北野病院の森可南子氏(左)、浜本芳之氏(右)

 糖尿病患者が肝硬変を合併すると、食後に血糖値が上昇しやすくなり、血糖コントロールがより難しくなる。そうした肝硬変合併糖尿病患者において、ヒトGLP-1アナログ製剤のリラグルチドはエキセナチドに比べ、より良好な血糖コントロールをもたらすことが分かった。北野病院(大阪市)の森可南子氏、浜本芳之氏らが持続血糖モニター(CGM)を用いた検討により明らかにしたもので、6月8日から12日まで米国フィラデルフィアで開催されていた第72回米国糖尿病学会(ADA2012)で発表した。

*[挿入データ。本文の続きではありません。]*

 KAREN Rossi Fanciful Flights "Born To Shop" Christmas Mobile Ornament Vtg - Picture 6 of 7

 肝硬変を合併した糖尿病患者では、肝臓のインスリン感受性低下のために、しばしば著しい食後高血糖を来たし、これを是正するためにインスリンが必要となる患者も少なくない。今回は、入院によるインスリン療法を行った肝硬変合併糖尿病患者7例に対して、リラグルチド(0.6mg、1日1回投与)とエキセナチド(5μg、 1日2回投与)をそれぞれ2日間ずつクロスオーバーにて投与し、CGMによる血糖測定を行った。

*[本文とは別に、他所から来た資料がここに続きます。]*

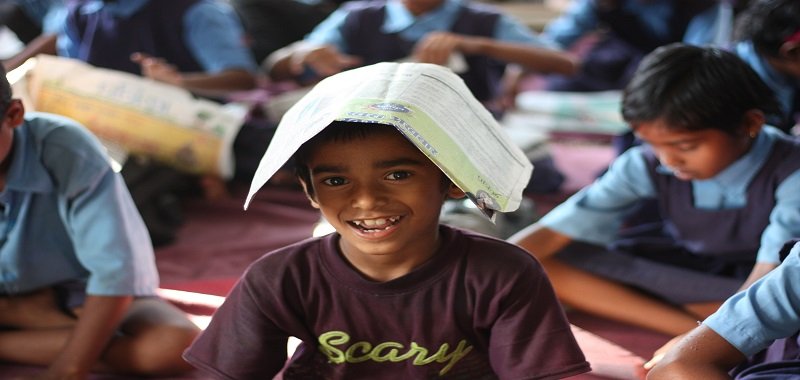 How To Earn Money From NGO In Hindi - Trust Se Paise Kaise Kamaye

 患者背景は、男性が2例、女性が5例、年齢が68.4±3.1歳、BMIが22.6±2.3kg/m2、HbA1cが9.1±0.7%、インスリン投与量が46.7±7.7単位/日だった。

 血糖の変動パターンを見ると、リラグルチドの場合はインスリン治療で得られる血糖パターンと類似しており、朝食後に高めのピーク、日中および夕方にやや小さいピークが認められた。一方、エキセナチドの場合は昼食後と深夜帯に大きなピークを有するパターンを示した。

 血糖値の曲線下面積(AUC)を算出すると、全日(24時間)はリラグルチドが4176.7±1146.8mg/dL*hr、エキセナチドが4652.9±1621.6mg/dL*hrと、リラグルチドの方が有意に低かった(P<0.05)。さらに、午前6時から6時間ごとに4つの時間帯に分けてAUCを比較すると、朝(午前6時〜午前12時)と夜(午後6時〜午後12時)はリラグルチドの方が有意に高かった(いずれもP<0.01)。反対に、日中(午後0時〜午後6時)と深夜(午前0時〜午前6時)はリラグルチドの方が有意に低かった(いずれもP<0.01)。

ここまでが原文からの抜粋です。